* WHAT TO WORK ON:
Output must consist only of the lines of the material below from the one with "Women's Casual Sports" through the one with "Letter from Judi", each reproduced exactly; no pictures belong in it.

* DATA EXTRACTS:
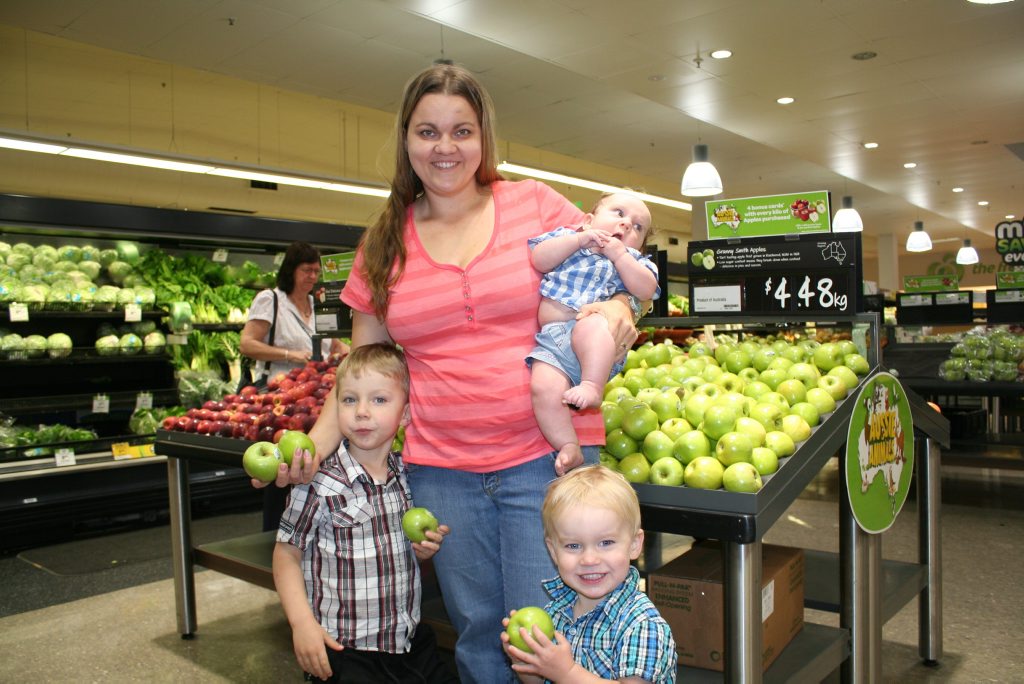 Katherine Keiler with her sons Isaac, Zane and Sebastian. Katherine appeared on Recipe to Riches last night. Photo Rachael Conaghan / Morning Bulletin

--

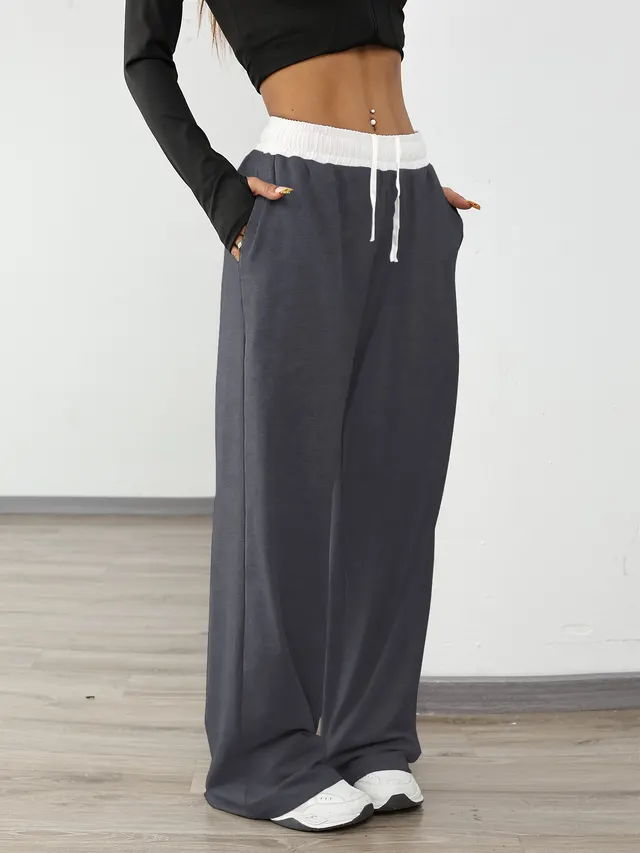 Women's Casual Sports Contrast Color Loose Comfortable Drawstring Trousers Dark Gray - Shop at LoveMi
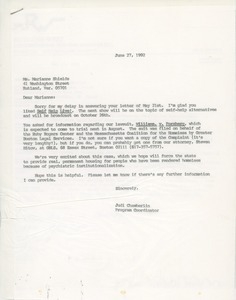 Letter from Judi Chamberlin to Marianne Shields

* RESULT FOR THIS EXERCISE:
 Women's Casual Sports Contrast Color Loose Comfortable Drawstring Trousers Dark Gray - Shop at LoveMi
 Letter from Judi Chamberlin to Marianne Shields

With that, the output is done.